» Task goal: Return the line that has "NHÔ 3 TỶ – NỞ" and all lines below it through the last, exactly as they stand; omit pictures.
#### Data shown ####
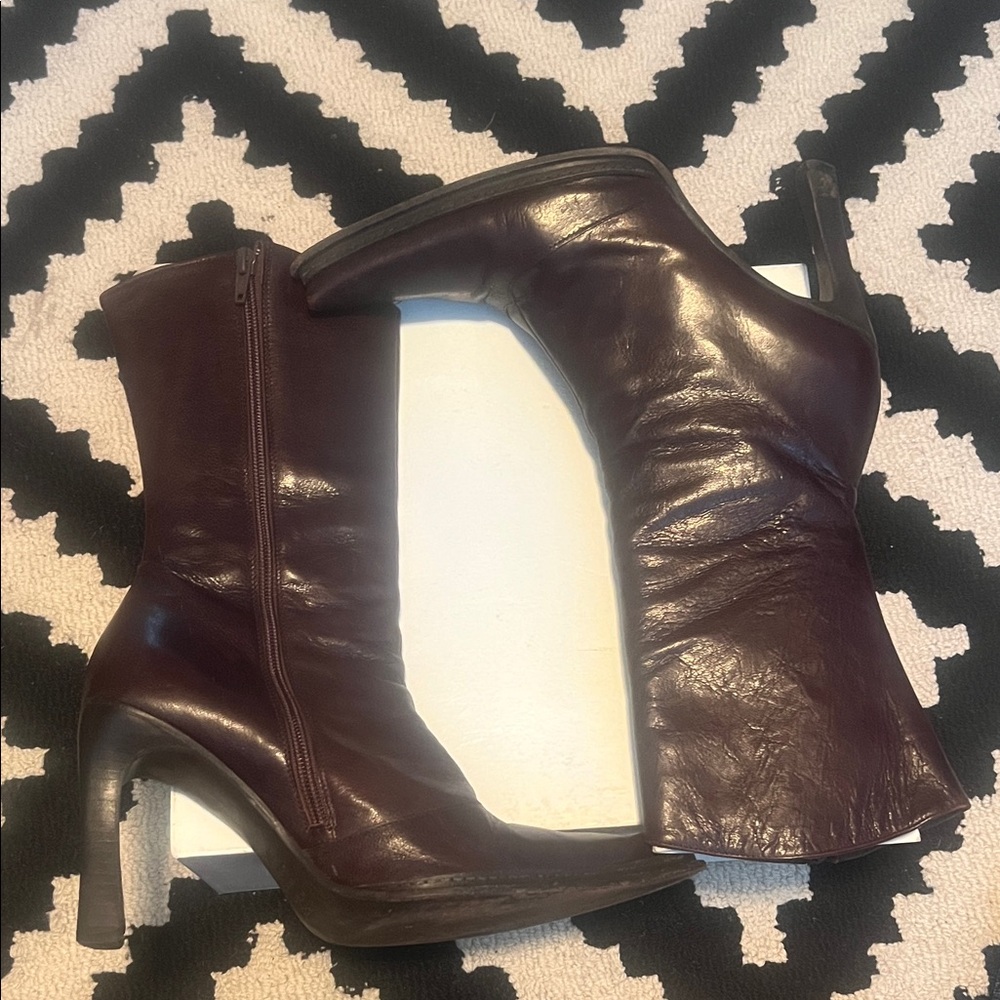Vintage Elegant Dark Brown Heeled Boots
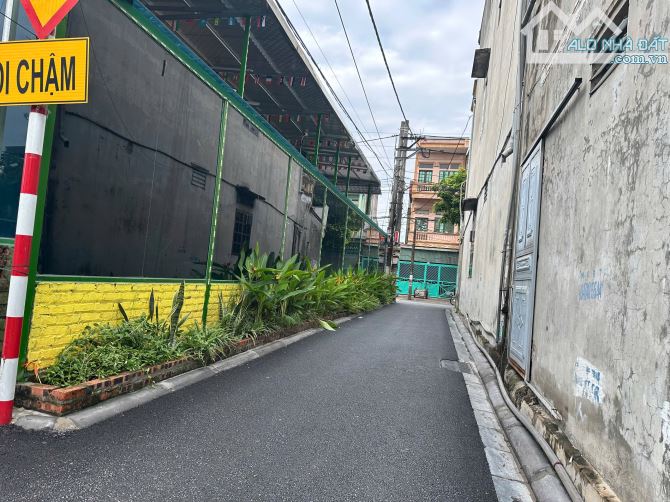 NHÔ 3 TỶ – NỞ HẬU – MẶT TIỀN RỘNG – BA BƯỚC RA ĐƯỜNG Ô TÔ TRÁNH – VỊ TRÍ HIẾM, TIỆN ÍCH NG - 1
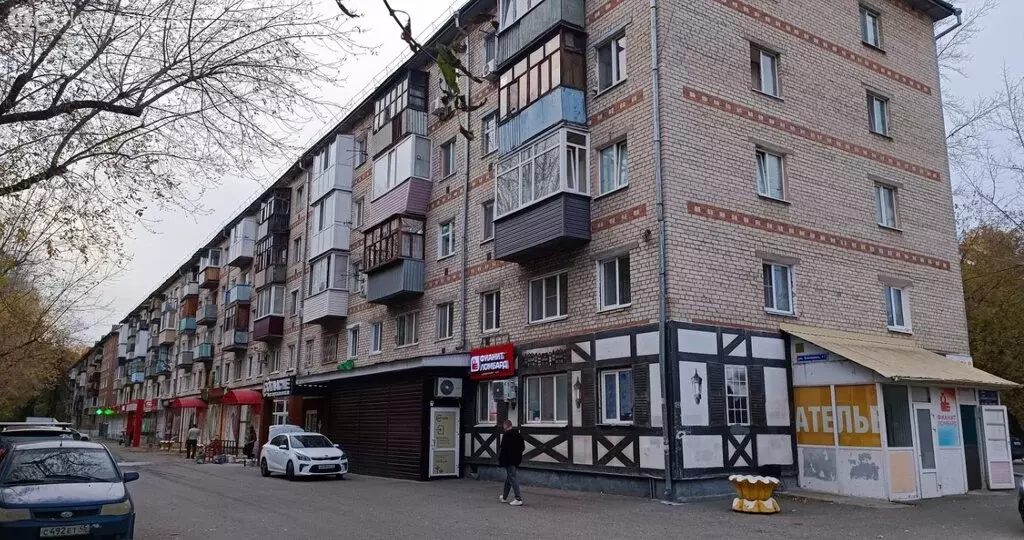 3-комнатная квартира: Тюмень, улица Беляева, 17 (52 м) - Фото 2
####
» Problem solution:
 NHÔ 3 TỶ – NỞ HẬU – MẶT TIỀN RỘNG – BA BƯỚC RA ĐƯỜNG Ô TÔ TRÁNH – VỊ TRÍ HIẾM, TIỆN ÍCH NG - 1
 3-комнатная квартира: Тюмень, улица Беляева, 17 (52 м) - Фото 2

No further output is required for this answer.